J. P. Sartre. Let me outline the purpose, and the limits of our tribunal. There is no question of judging whether American policy in Vietnam is evil—of which most of us have not the slightest doubt—but of seeing whether it falls within the compass of international law on war crimes. There would be no point in condemning, in a legal sense, the onslaught of American imperialism against the countries of the Third World which attempt to escape its domination. That struggle is in fact merely the transposition, on an international level, of the class struggle, and is determined by the structure of the groups engaged in it.

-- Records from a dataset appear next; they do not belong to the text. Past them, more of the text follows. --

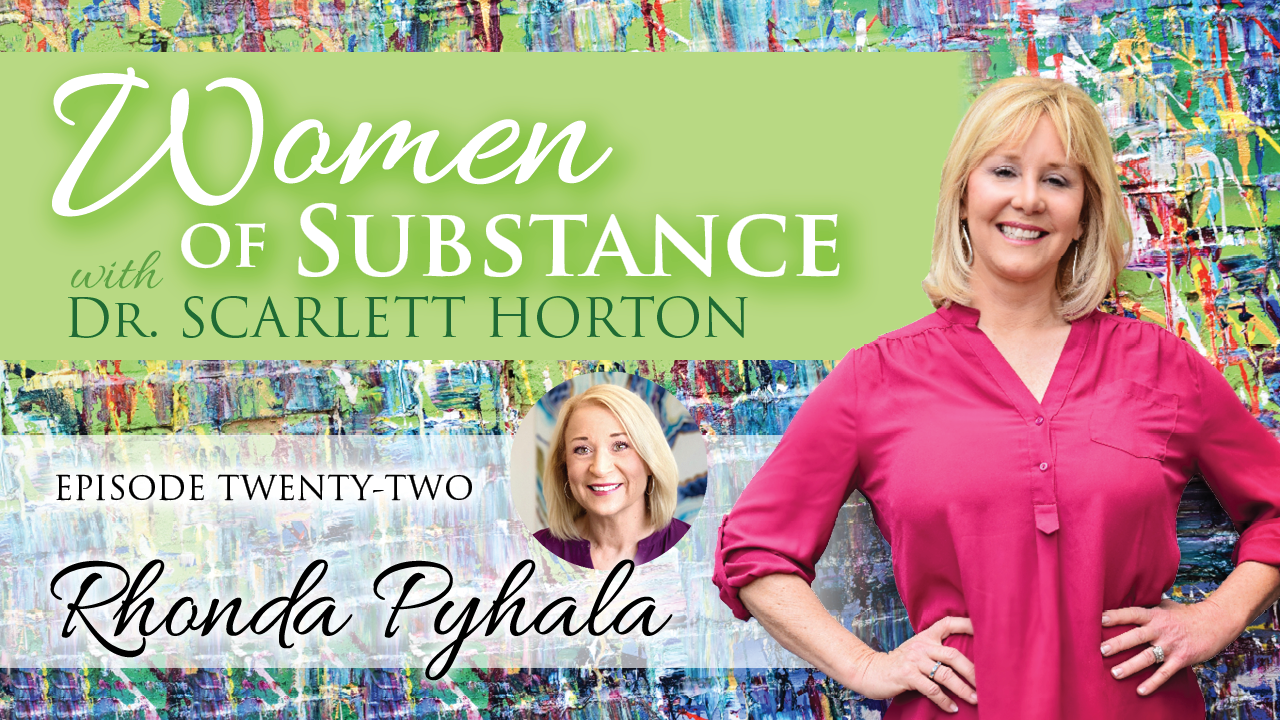 Women of Substance with Dr. Scarlett Horton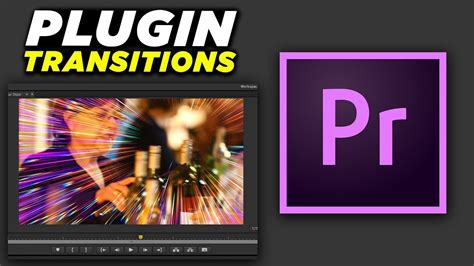 How To Use Plugin Transitions In Premiere Pro Adobe Premiere Pro CC Beginner Tutorial YouTube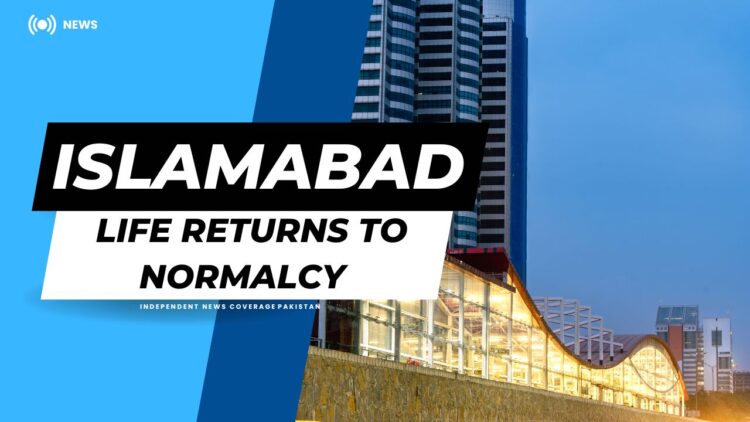 Islamabad life Returns to Normalcy After a Day of Disruption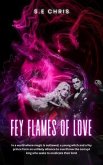 Fey Flames Of Love (eBook, ePUB) Fey Flames Of Love (eBook, ePUB)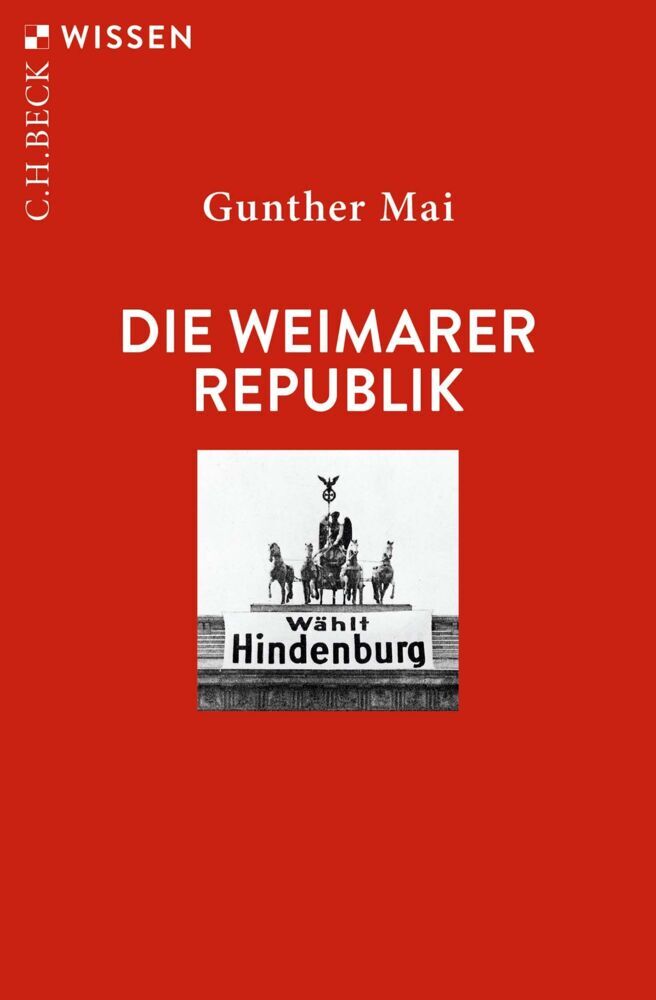 Die Weimarer Republik (Gunther Mai)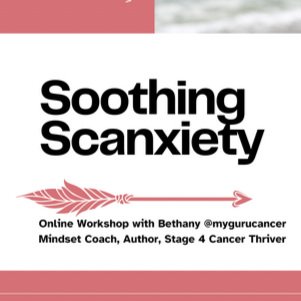 Got scanxiety? You are not alone…Workshop
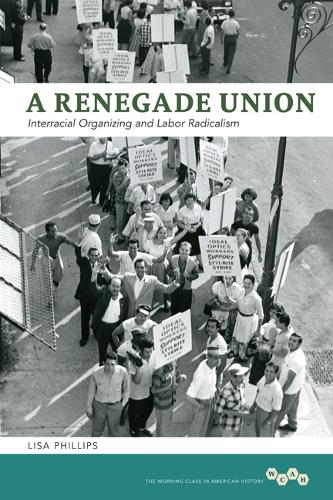 Бумажная книга «A Renegade Union: Interracial Organizing and Labor Radicalism», автор Лиза Филлипс - фото №1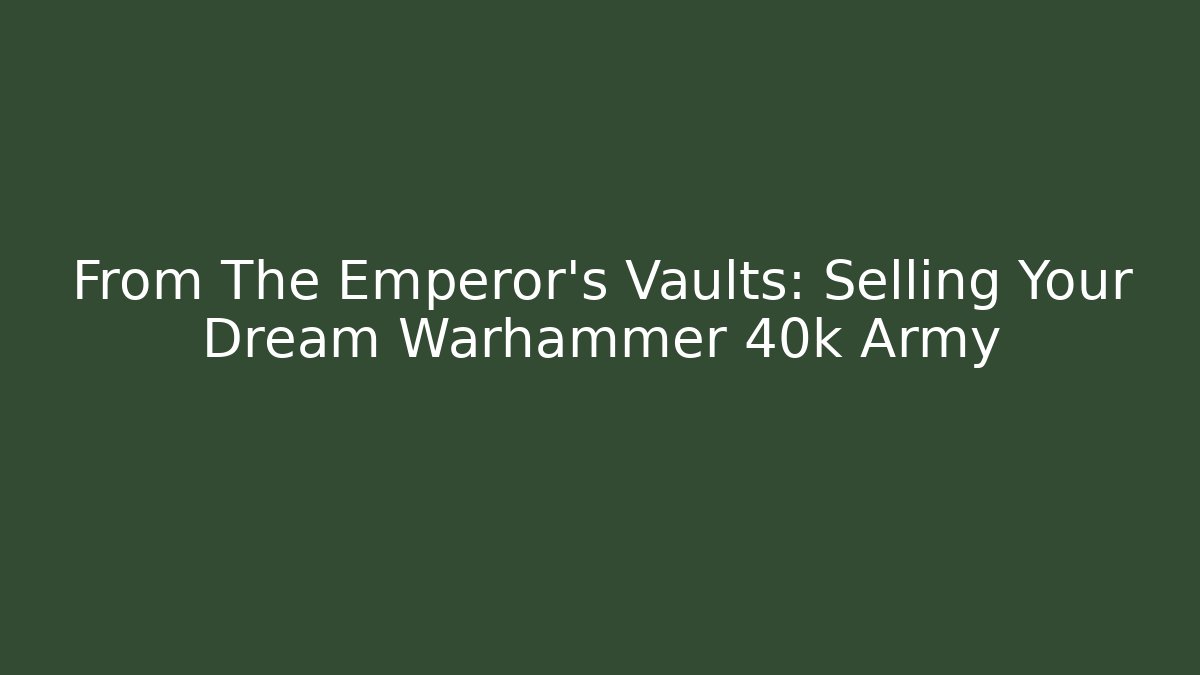 From The Emperor’s Vaults: Selling Your Dream Warhammer 40k Army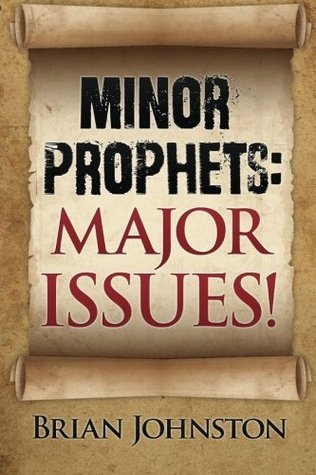 Download Minor Prophets: Major Issues! (Search For Truth Series) (Volume 5) - Brian Johnston file in ePub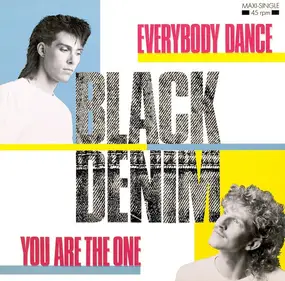 Black Denim - Everybody Dance / You Are The One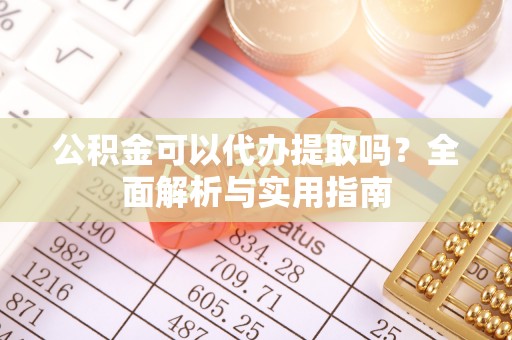 湖州公积金可以代办提取吗？全面解析与实用指南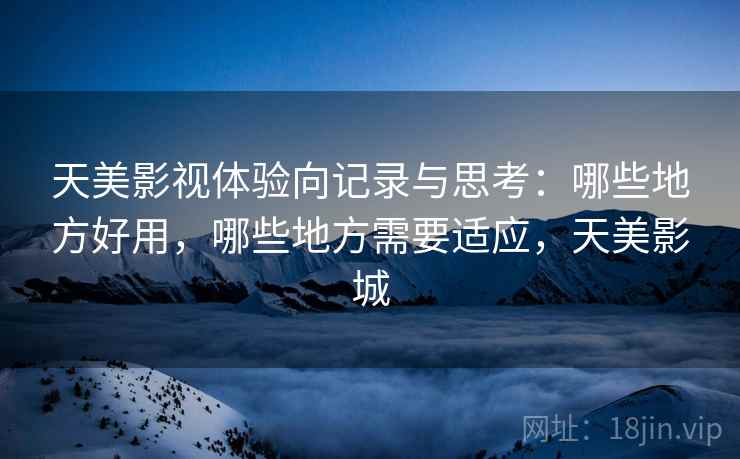 天美影视体验向记录与思考:哪些地方好用,哪些地方需要适应,天美影城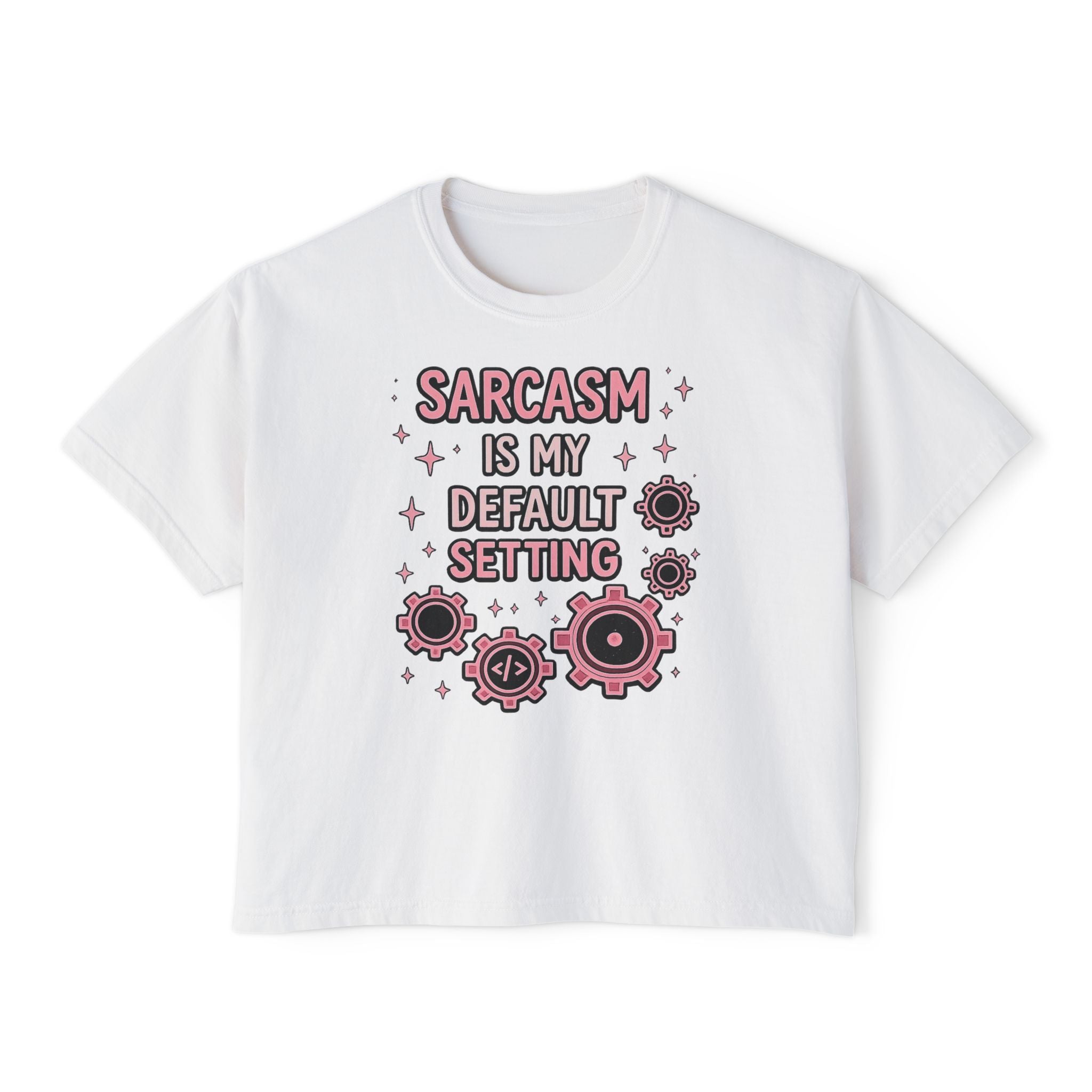 Sarcasm Is My Default Setting Boxy T-Shirt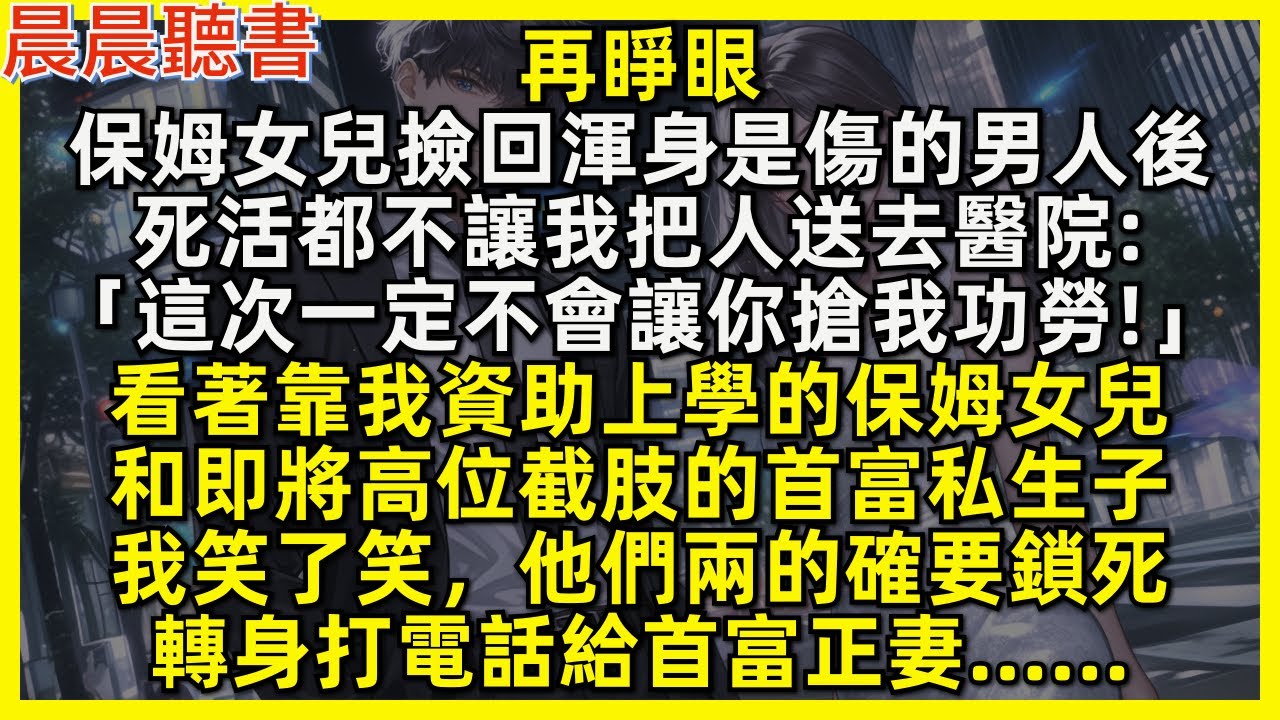 再睜眼，保姆女兒拒絕讓我把渣男送去醫院「這次一定不會讓你搶我功勞!」看著靠我資助的保姆女兒，和即將高位截肢的首富私生子，我笑了笑，他們的確要鎖死，轉身打電話給首富正妻……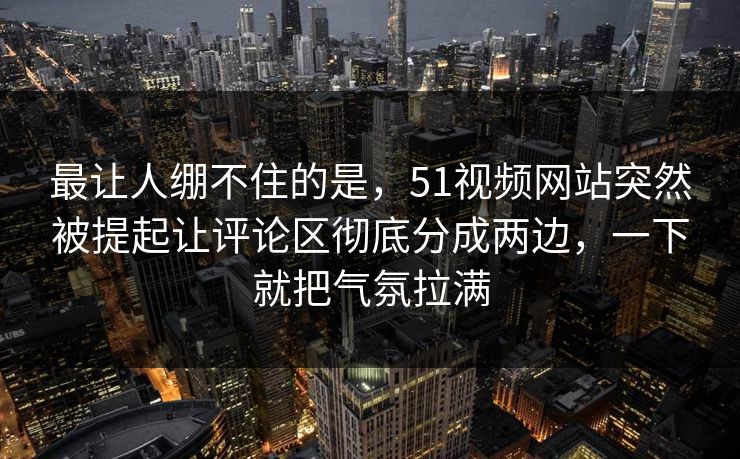 最让人绷不住的是，51视频网站突然被提起让评论区彻底分成两边，一下就把气氛拉满  第1张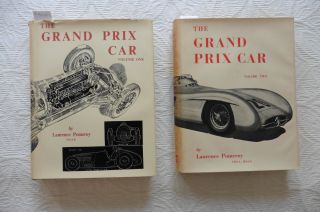 The Grand Prix Car Volumes 1 & 2 - 1954 & " The Grand Prix Car " 1954/1966
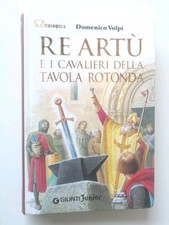 Re Artu'e i cavalieri della
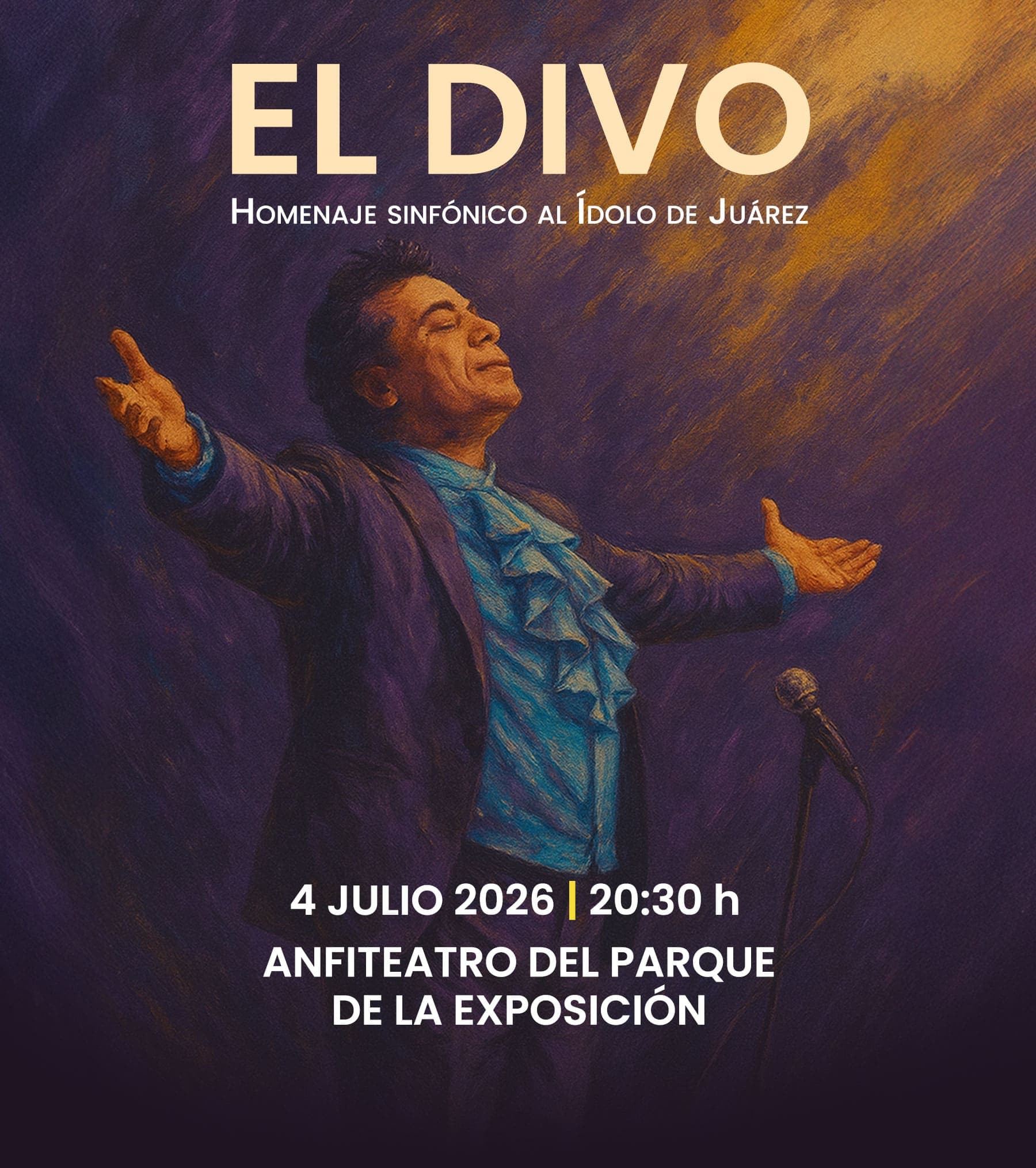 ´´EL DIVO´´  HOMENAJE SINFÓNICO A JUAN GABRIEL — Exposición — Anfit. Parque de Exposición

Imperialist policy is a necessary historical reality. By this fact it is beyond the reach of any legal or moral condemnation. The only thing possible is to combat it; intellectually by revealing its inner mechanism, politically by attempting to disengage oneself from it (the French government, contrary to appearances, does not really attempt this), or by armed struggle. I admit that I am, like other members of the ‘tribunal’, a declared enemy of imperialism and that I feel myself in solidarity with all those who fight against it. Commitment, from this point of view, must be total. Each individual sees the totality of the struggle and aligns himself on one side or on the other, from motives which may range from his objective situation to a certain idea that he holds of human life. On this level one may hate the class enemy. But one cannot judge him in the legal sense. It is even difficult, if not impossible, so long as one keeps to the purely realistic viewpoint of the class struggle, to see one’s own allies in legal terms and rigorously to define the ‘crimes’ committed by their governments. This was clearly shown by the problem of the Stalinist labour camps. One either delivered moral judgments on them, which were entirely beside the point, or satisfied oneself with evaluating the ‘positive’ and the ‘negative’ in Stalin’s policies. Some said, ‘It’s positive in the last analysis’ and others said, ‘It’s negative’. That too led nowhere.

In fact, though the development of history is not determined by law and morality—which are, on the contrary, its products—these two superstructures do exert a ‘feed back’ effect on that development. It is this which allows one to judge a society in terms of the criteria which it has itself established. It is therefore entirely normal to inquire, at any given moment, if such and such an action can really be judged purely in terms of utility and likely outcome, or whether it does not in fact transcend such criteria and come within the scope of an international jurisprudence which has slowly been built up.

Marx, in one of the prefaces to ‘Capital’, makes a remark to the effect that—We are the last people who can be accused of condemning the bourgeois, since we consider that, conditioned by the process of capital and by the class struggle, their conduct is necessary. But there are moments, all the same, when they exceed the limits.

The whole problem is to know if, today, the imperialists are exceeding the limits.